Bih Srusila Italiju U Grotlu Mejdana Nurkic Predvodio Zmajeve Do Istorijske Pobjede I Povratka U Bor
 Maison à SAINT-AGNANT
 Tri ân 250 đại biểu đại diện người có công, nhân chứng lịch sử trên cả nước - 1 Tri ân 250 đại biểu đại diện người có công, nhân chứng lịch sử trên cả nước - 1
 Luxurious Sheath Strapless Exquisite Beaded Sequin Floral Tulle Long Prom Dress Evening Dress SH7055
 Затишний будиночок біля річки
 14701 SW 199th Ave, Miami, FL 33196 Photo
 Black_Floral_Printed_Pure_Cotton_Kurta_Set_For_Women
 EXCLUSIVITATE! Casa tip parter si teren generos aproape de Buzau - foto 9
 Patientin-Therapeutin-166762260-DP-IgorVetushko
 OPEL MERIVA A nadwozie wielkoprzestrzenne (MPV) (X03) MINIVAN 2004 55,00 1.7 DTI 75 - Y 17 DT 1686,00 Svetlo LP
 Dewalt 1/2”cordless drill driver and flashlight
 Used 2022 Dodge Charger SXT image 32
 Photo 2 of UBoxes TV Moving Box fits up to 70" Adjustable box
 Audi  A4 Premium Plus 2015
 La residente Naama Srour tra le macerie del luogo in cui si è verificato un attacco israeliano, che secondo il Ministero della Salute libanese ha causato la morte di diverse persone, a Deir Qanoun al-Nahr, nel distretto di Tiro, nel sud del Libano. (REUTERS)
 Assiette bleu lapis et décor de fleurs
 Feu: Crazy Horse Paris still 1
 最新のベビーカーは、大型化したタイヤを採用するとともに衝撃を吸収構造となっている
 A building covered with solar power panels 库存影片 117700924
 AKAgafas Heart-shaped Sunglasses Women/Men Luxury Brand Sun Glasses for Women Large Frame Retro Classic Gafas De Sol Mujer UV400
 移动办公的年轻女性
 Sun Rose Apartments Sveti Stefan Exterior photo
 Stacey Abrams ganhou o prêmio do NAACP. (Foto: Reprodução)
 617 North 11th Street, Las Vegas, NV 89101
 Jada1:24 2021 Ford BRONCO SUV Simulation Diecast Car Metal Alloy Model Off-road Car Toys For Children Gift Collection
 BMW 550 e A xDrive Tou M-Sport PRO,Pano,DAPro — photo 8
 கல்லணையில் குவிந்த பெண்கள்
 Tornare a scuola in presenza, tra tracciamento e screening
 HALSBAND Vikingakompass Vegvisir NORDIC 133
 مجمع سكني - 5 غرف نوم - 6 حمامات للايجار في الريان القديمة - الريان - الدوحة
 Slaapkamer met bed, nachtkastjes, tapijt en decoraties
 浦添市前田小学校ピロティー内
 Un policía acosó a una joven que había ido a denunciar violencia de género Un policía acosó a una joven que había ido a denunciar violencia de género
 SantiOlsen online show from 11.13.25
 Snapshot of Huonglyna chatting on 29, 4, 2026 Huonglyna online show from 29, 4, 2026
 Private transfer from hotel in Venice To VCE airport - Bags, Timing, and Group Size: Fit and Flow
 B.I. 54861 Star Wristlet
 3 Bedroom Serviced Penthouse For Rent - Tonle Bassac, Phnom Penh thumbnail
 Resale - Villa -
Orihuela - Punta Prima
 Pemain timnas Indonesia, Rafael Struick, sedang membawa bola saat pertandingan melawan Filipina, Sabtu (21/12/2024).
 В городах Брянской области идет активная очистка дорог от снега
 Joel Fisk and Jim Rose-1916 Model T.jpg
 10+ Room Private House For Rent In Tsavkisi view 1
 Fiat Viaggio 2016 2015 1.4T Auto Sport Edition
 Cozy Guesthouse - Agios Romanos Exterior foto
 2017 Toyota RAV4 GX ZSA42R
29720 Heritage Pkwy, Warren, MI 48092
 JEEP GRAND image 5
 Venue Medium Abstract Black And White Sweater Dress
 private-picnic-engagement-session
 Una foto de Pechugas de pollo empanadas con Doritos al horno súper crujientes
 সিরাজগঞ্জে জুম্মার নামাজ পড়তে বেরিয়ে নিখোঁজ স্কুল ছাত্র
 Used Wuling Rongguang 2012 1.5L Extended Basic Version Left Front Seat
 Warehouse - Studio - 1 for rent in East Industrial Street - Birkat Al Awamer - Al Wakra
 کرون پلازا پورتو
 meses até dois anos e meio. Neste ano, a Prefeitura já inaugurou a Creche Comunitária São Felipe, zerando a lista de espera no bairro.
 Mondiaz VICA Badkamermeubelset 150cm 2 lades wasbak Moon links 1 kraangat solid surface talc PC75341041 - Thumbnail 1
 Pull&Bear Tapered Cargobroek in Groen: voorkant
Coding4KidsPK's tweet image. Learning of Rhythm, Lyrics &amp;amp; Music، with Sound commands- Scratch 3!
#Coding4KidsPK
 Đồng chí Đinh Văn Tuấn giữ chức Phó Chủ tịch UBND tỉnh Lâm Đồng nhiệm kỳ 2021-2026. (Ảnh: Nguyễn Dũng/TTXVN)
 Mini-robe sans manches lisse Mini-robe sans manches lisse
• • • • • • •
Instructions for the task
The result should be the lines from the line with "Joel Fisk and Jim Rose-1916 Model T.jpg" to the last line of the material, returned exactly and without any other line.

Response
 Joel Fisk and Jim Rose-1916 Model T.jpg
 10+ Room Private House For Rent In Tsavkisi view 1
 Fiat Viaggio 2016 2015 1.4T Auto Sport Edition
 Cozy Guesthouse - Agios Romanos Exterior foto
 2017 Toyota RAV4 GX ZSA42R
29720 Heritage Pkwy, Warren, MI 48092
 JEEP GRAND image 5
 Venue Medium Abstract Black And White Sweater Dress
 private-picnic-engagement-session
 Una foto de Pechugas de pollo empanadas con Doritos al horno súper crujientes
 সিরাজগঞ্জে জুম্মার নামাজ পড়তে বেরিয়ে নিখোঁজ স্কুল ছাত্র
 Used Wuling Rongguang 2012 1.5L Extended Basic Version Left Front Seat
 Warehouse - Studio - 1 for rent in East Industrial Street - Birkat Al Awamer - Al Wakra
 کرون پلازا پورتو
 meses até dois anos e meio. Neste ano, a Prefeitura já inaugurou a Creche Comunitária São Felipe, zerando a lista de espera no bairro.
 Mondiaz VICA Badkamermeubelset 150cm 2 lades wasbak Moon links 1 kraangat solid surface talc PC75341041 - Thumbnail 1
 Pull&Bear Tapered Cargobroek in Groen: voorkant
Coding4KidsPK's tweet image. Learning of Rhythm, Lyrics &amp;amp; Music، with Sound commands- Scratch 3!
#Coding4KidsPK
 Đồng chí Đinh Văn Tuấn giữ chức Phó Chủ tịch UBND tỉnh Lâm Đồng nhiệm kỳ 2021-2026. (Ảnh: Nguyễn Dũng/TTXVN)
 Mini-robe sans manches lisse Mini-robe sans manches lisse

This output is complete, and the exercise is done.